The UK’s leading company formation agent, Jordans Limited, has applied to
convert to an alternative business structure (ABS) in a bid to “move up the
food chain”.
The company, which currently offers a range of services including company
formation, company secretarial, accounting and company searches, now wishes to provide
legal services to existing client companies and also to win outsourced work
from City law firms.
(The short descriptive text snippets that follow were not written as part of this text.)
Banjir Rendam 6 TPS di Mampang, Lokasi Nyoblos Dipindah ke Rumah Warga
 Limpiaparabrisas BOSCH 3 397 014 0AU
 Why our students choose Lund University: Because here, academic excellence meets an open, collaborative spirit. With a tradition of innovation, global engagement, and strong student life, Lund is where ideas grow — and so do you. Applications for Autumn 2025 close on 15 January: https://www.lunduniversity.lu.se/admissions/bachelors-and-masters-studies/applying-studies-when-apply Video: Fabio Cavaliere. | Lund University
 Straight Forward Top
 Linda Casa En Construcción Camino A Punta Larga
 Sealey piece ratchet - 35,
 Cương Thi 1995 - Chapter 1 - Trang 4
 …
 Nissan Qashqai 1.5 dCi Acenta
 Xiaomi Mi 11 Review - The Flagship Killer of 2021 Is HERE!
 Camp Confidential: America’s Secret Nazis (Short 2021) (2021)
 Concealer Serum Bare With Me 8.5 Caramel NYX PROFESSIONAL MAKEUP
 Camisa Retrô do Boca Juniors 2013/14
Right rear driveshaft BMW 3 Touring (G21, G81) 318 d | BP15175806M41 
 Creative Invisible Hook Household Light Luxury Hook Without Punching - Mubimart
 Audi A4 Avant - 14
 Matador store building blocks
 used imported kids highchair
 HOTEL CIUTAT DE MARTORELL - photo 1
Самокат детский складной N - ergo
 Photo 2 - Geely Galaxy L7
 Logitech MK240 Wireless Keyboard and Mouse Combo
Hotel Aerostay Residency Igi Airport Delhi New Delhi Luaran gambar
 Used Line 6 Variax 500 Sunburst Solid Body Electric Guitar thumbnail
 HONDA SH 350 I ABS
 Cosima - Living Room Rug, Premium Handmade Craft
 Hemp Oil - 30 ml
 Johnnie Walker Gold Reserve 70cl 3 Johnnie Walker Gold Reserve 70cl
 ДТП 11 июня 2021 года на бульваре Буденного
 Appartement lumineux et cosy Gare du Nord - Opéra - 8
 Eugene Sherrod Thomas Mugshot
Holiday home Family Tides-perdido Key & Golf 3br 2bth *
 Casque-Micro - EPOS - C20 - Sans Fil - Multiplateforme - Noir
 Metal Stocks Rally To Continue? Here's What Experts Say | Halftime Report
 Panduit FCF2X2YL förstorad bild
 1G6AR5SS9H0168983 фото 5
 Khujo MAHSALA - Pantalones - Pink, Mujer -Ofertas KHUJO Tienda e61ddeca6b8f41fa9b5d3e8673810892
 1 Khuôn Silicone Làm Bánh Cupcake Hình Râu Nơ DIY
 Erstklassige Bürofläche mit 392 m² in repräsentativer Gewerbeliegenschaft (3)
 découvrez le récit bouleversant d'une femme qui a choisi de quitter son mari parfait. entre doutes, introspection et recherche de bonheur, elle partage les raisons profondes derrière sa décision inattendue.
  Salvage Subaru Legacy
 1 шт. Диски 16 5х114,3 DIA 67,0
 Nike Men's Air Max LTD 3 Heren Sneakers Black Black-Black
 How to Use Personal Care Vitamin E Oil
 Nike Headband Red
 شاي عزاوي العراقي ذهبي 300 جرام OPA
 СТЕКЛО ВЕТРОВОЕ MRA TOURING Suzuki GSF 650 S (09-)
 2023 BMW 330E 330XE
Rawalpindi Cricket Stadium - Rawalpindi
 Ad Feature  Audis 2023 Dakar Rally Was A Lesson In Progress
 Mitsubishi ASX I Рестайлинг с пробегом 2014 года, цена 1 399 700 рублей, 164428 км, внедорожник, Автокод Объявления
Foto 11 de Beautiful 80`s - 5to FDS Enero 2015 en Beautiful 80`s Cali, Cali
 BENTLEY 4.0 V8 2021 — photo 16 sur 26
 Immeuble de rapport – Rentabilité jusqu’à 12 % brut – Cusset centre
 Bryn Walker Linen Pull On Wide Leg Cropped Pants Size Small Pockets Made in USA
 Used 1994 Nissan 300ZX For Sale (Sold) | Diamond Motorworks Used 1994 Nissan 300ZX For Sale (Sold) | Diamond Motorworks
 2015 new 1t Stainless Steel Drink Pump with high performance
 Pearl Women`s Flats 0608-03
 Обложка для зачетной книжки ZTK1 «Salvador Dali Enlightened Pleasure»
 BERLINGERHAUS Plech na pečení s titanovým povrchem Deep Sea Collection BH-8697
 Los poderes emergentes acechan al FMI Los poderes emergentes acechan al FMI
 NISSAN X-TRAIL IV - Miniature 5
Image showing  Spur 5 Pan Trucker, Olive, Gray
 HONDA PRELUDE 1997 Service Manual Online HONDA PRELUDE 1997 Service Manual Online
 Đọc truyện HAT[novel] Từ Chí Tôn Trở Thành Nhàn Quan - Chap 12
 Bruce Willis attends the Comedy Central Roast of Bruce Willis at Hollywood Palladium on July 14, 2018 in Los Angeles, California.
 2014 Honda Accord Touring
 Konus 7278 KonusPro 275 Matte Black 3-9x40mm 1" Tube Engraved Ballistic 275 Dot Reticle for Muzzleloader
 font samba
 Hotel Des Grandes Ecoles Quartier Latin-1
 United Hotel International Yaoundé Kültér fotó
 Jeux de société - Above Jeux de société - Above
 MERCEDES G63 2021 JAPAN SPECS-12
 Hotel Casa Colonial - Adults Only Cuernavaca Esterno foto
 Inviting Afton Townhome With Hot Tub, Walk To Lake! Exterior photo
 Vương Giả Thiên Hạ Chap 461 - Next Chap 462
It perceives these
as being higher up the value chain than the relatively commoditised areas in which
it currently operates, where costs have been relentlessly driven down through
competition.
As a company competing effectively in an efficiency driven market,
Jordans should be well placed to handle those parts of the law which are
capable of benefiting from process discipline and technology, and it has the
added benefit of an existing huge client list to whom the services can be
marketed.
However, it will need to balance carefully the desire to offer more
valuable legal services with the need to avoid biting the hand that feeds it –
much of Jordans’ current work is believed to come from referrals from City
firms, and they will not wish to cut themselves off from this lucrative source
of work. So for the time being at least,
it seems they are content to stick to relatively “plain vanilla” areas of non-contentious
company and commercial legal work such as
terms of business, share schemes, due diligence, debt collection and, potentially, intellectual property. It
is keen to make it clear that it is not planning to become heavily involved in
transactional work. The company
is quoted as aiming to target companies with a turnover of between £5m and
£500m.
The Jordans
group is 150 years old and its business is structured as three separate
entities. Jordans Limited (the entity making the ABS application) is the
corporate services arm with bases in Bristol, Edinburgh and London. Jordan
Publishing, the second arm of the business, publishes legal information, while the
third, Jordans International, provides corporate services to international
clients and has bases in a number of offshore jurisdictions.
The firm is
currently recruiting for a leader for the ABS business and has 5 paralegals on
the payroll thus far – hardly a market-shaking number, but a start.
The
interesting issue will be whether UK law firms do turn increasingly to
outsourcing work to third parties such as Jordans, or whether in fact they take
the opportunity to start moving into the
space currently occupied by Jordans. I
am aware of at least a handful of law firms who are considering the
establishment of ancillary business in the fiduciary and BPO spheres, in moves
which follow what many of the offshore law firms successfully did many years
ago.
The SRA is
currently reviewing the Bristol-headquartered company’s application for a
licence. Jordan’s hope the approval and
launch will come by early next year, although that may be optimistic
considering the length of the current backlog at the SRA.